Huntsman sees strong underlying demand for their products
Huntsman, a global manufacturer and marketer of differentiated chemicals announced result for the second quarter 2010.
Second Quarter 2010 Highlights
• Revenues for the second quarter of 2010 were $2,343 million, an increase of 27% compared to $1,846 million for the same period in 2009 and an increase of 12% compared to $2,094 million for the first quarter of 2010.
• Adjusted EBITDA for the second quarter of 2010 was $257 million compared to $93 million for the same period in 2009 and $123 million for the first quarter of 2010.
• Net income attributable to Huntsman Corporation for the second quarter of 2010 was $114 million or $0.47 per diluted share. This compares to net income attributable to Huntsman Corporation of $406 million or $1.51 per diluted share for the same period in 2009 (including $531 million of net income or $2.27 per diluted share related to our terminated merger and related litigation) and $172 million loss or $0.73 loss per diluted share for the first quarter of 2010.
• Adjusted net income for the second quarter of 2010 was $75 million or $0.31 per diluted share. This compares to an adjusted net loss of $66 million or $0.28 loss per diluted share for the same period in 2009 and adjusted net loss of $16 million or $0.07 loss per diluted share for the first quarter of 2010.
Peter R. Huntsman, our President and CEO, commented:
"The second quarter of 2010 was a strong quarter for us, the combination of a number of conditions resulted in adjusted earnings we haven't seen since 2007. We saw strong underlying demand for our products as volumes grew across all of our businesses compared to the prior year as well as the prior quarter. We increased selling prices to offset recent pressure in raw material costs. In addition, the benefits of our successful cost saving efforts implemented in 2009 are evident in the bottom line."

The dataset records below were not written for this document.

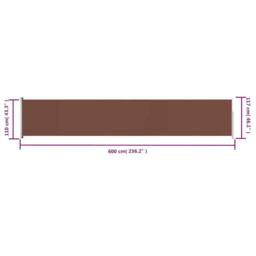 Berkfield Home Patio Retractable Side Awning 117x600 cm Brown - thumbnail 9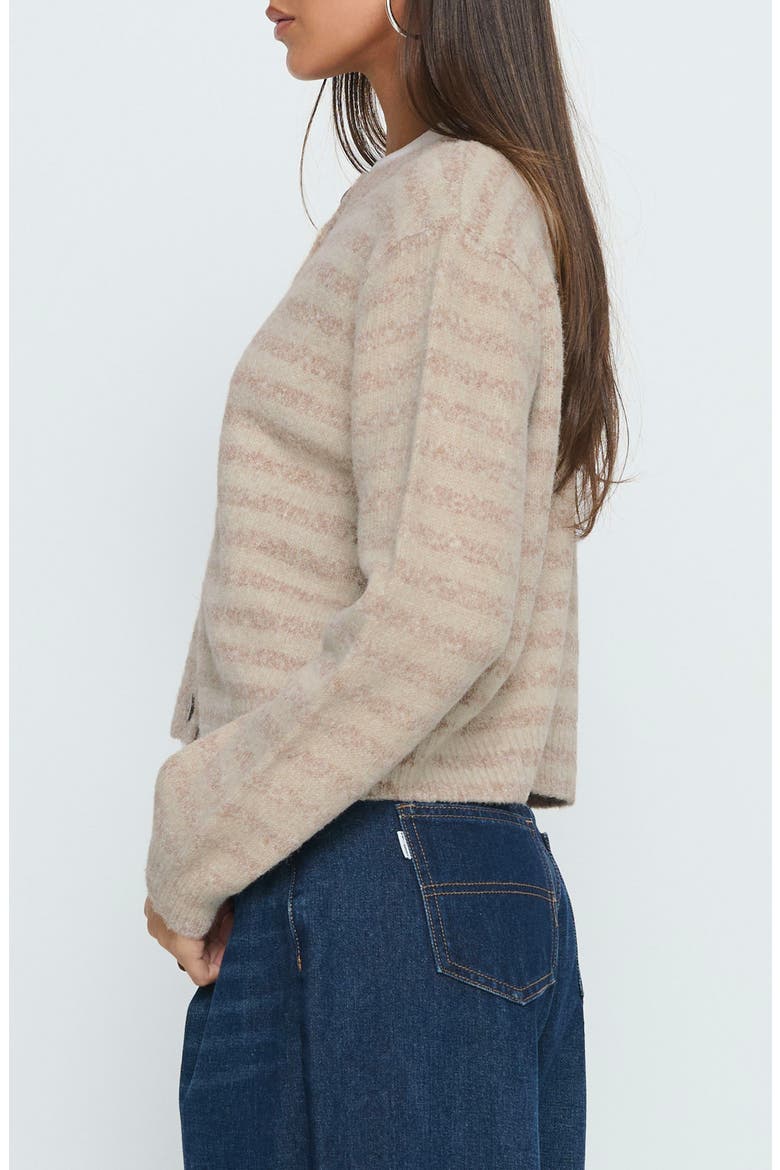 Raynna Stripe Cardigan, Alternate, color, BEIGE STRIPE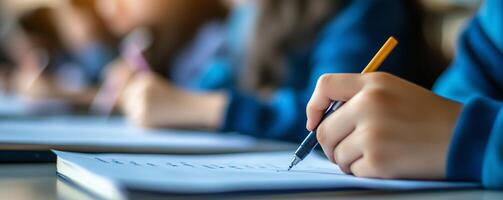Closeup view of student taking test in exam classroom. Focus is on a hand holding pen writing on paper. Copy space for text on left. photo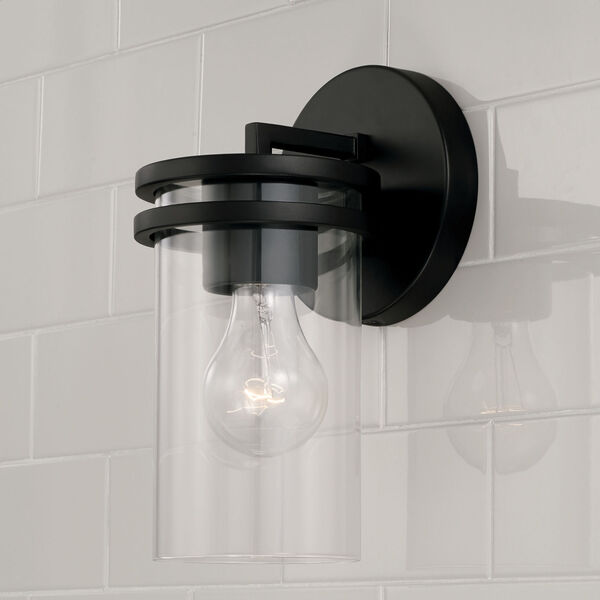 Fuller Matte Black One-Light Sconce with Clear Glass, image 3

He continued, "The third quarter is traditionally slower than the second within the chemical industry; notwithstanding this, we believe there is still significant long term upside to our business earnings. North American and European economies, which represent approximately two thirds of our volume, still show relatively modest growth. We continue to have idle capacity in many of our products that will be more fully utilized as demand improves. We are excited about the future of HUN and will continue our efforts to improve earnings in every division of the company."
The increase in revenues in our Textile Effects division for the three months ended June 30, 2010 compared to the same period in 2009 was due to higher sales volumes and higher average selling prices. Sales volumes increased across all business lines and in all regions primarily due to the worldwide economic recovery.
Average selling prices increased primarily due to favorable changes in product mix and the strength of the Indian Rupeeand Brazilian Real against the U.S. dollar. The increase in Adjusted EBITDA was primarily due to higher sales volumes and higher contribution margins partially offset by higher fixed costs in part due to our second quarter 2009 acquisition of Baroda.